3 dicembre 2019

The irishman (Martin Scorsese, 2019)

The Irishman (id.)
di Martin Scorsese – USA 2019
con Robert De Niro, Al Pacino, Joe Pesci
***

Visto in TV (Netflix).

La (vera) storia di Frank Sheeran (Robert De Niro), gangster di origini irlandesi che dopo la seconda guerra mondiale divenne un sicario per la mafia italo-americana. Ispirato alle memorie dello stesso Sheeran (raccolte in un libro di Charles Brandt, "I heard you paint houses": la frase "imbiancare case" in gergo significa eliminare qualcuno per conto della malavita), il film – attraverso una serie di flashback concatenati – mostra Frank, autotrasportatore di Filadelfia, fare la conoscenza del boss Russell Bufalino (Joe Pesci) e diventarne un protetto, e poi il suo lavoro come guardia del corpo del potente e controverso sindacalista Jimmy Hoffa (Al Pacino), con cui stringerà una forte amicizia, facendo anche da tramite fra lui e la mafia. Ma quando Hoffa comincerà a essere troppo scomodo, sarà proprio Frank a doverlo uccidere. Prodotto da Netflix, con una distribuzione limitata in sala prima di essere reso disponibile in esclusiva sulla piattaforma televisiva on demand, il film è un lungo affresco – dura tre ore e mezza – che mescola finzione ed eventi reali, incrociando di sfuggita e a più riprese la storia americana degli anni '60 e '70 (l'incidente della Baia dei Porci, l'elezione e l'attentato di Kennedy, il Watergate). E proprio questo sguardo ad ampio raggio, con una vicenda che si estende su più decenni e che incrocia numerose figure vissute realmente, dona spessore ed epicità alla vita di un personaggio brutalmente impenetrabile, che procede a testa bassa e non mette mai in discussione il proprio stile di vita. Frank è talmente fedele ai suoi superiori da uccidere per loro conto persino i propri amici (d'altronde aveva imparato a eseguire ogni ordine, anche quelli di questo tipo, quando era nell'esercito) e da sacrificare il rapporto con la figlia maggiore. Mafioso fino al midollo, non parla mai in maniera diretta di sé o del proprio lavoro, ma sempre con allusioni, eufemismi, mezze frasi o discorsi obliqui, rendendo talvolta difficile empatizzare con lui. Più appariscente è invece l'istrionico Hoffa di Al Pacino, nevrotico, ostinato e a tratti davvero spassoso, che litiga con tutti e non si tira mai indietro. L'amicizia fra Frank e Jimmy, che lo fa anche entrare nel sindacato mettendolo a capo di una delle sue sezioni, è il vero cuore della pellicola.

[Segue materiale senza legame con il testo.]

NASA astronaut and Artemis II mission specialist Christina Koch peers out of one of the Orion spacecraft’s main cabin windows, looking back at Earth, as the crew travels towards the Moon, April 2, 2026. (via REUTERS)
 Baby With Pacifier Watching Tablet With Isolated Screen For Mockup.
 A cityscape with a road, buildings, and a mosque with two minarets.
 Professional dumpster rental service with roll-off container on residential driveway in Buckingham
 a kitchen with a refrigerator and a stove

Ucciso Hoffa, a Frank non resta che tirare a campare, attendendo da solo e in silenzio la propria fine (e nel frattempo scegliendosi la cassa da morto).

Da notare, come detto, la struttura a doppio flashback: l'intera vicenda è narrata da Frank in una sorta di confessione finale (non si sa a chi: a un prete? agli agenti federali? o forse direttamente a noi spettatori?) quando, ormai anziano, si trova in un ospizio: ma gran parte di essa (quella che precede l'omicidio di Hoffa) è racchiusa all'interno di un altro flashback, mentre Frank e Russell sono in viaggio per recarsi al matrimonio di una nipote di quest'ultimo. L'aver dovuto mostrare eventi che si dipanano per più decenni ha costretto gli interpreti (in particolare De Niro e Pesci) a farsi ringiovanire o invecchiare in numerose scene grazie alla computer grafica (e proprio l'ingente costo di questi effetti speciali ha fatto sì che il progetto, inizialmente della Paramount, passasse a Netflix). Non sempre però il risultato è eccellente: il De Niro "giovane" sembra già pieno di rughe, mentre Pesci finisce col diventare davvero decrepito (in alcune scene ricorda Andreotti!). Nulla da dire invece sulla regia: in questo tipo di film Scorsese sembra trovarsi talmente a proprio agio da sfornare scene e inquadrature memorabili senza il minimo sforzo, come se dirigesse con il pilota automatico. E rivedere questo regista e questi attori (sia pure ormai invecchiati) all'opera su questi temi, in cui hanno già sguazzato molte volte in passato (basti pensare a "Quei bravi ragazzi", di cui il film è quasi una versione aggiornata, più realistica e meno glamour), è sempre un piacere. Tanto che la pellicola potrebbe essere considerata un degno canto del cigno per il grande cineasta (sarebbe stato un peccato se la sua carriera si fosse conclusa con il precedente, e poco riuscito, "Silence"). Da notare che è soltanto la terza volta che De Niro e Pacino recitano insieme, dopo "Heat" e "Sfida senza regole" (ne "Il padrino - Parte II", infatti, non condividevano mai lo schermo). L'agile sceneggiatura si concede piccoli vezzi, come le scritte in sovrimpressione che anticipano il destino dei personaggi di contorno, quasi tutte morti violente (e non prive di ironia, come quando di uno dei mafiosi, "benvoluto da tutti", si dice che morirà di vecchiaia nel proprio letto). Nel vasto cast si riconoscono Harvey Keitel (un altro habituè di Scorsese, di cui ha intepretato i primissimi film) e Anna Paquin (Peggy, la figlia di Frank). La colonna sonora è a base di canzoni d'epoca.